====== The data ======
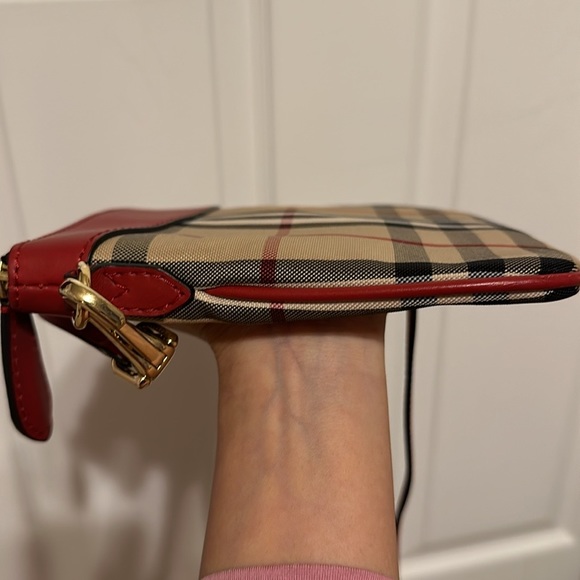 Burberry Crossbody with adjustable strap - Picture 10 of 13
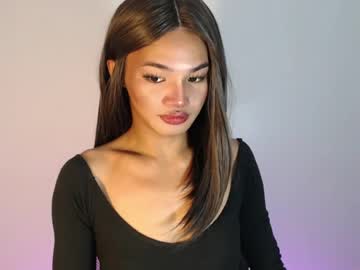 I AM ZOEY AND IM NOT EXPENSIVE I JUST KNOW MY WORTH! video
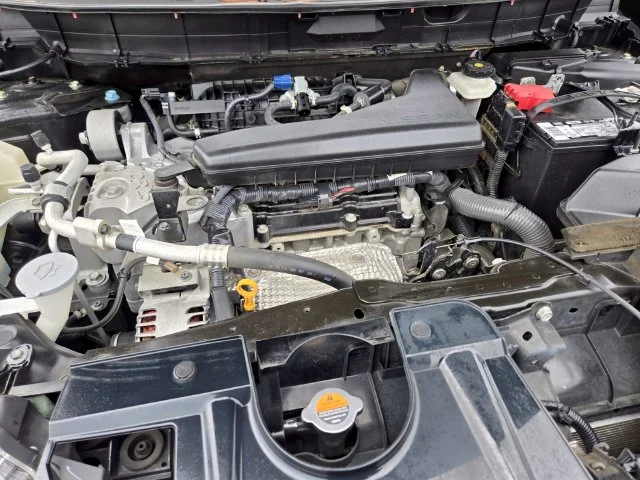 Used 2019 Black Nissan SL image 22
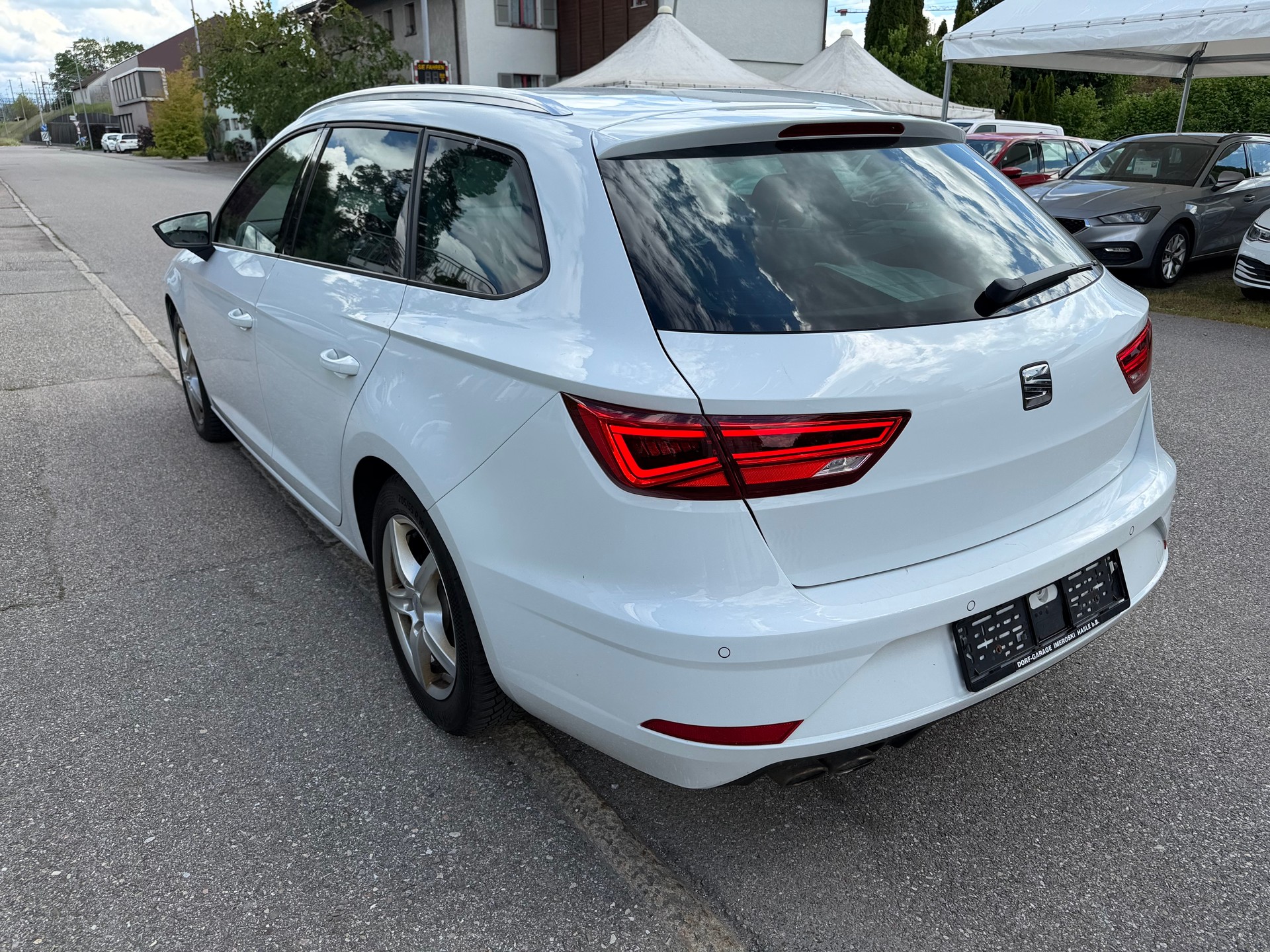 SEAT Leon ST 2.0 TDI CR Style 4Drive DSG-image-5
======
Output every line above exactly as it stands, and drop any picture.

_Answer to the exercise_
 Burberry Crossbody with adjustable strap - Picture 10 of 13
 I AM ZOEY AND IM NOT EXPENSIVE I JUST KNOW MY WORTH! video
 Used 2019 Black Nissan SL image 22
 SEAT Leon ST 2.0 TDI CR Style 4Drive DSG-image-5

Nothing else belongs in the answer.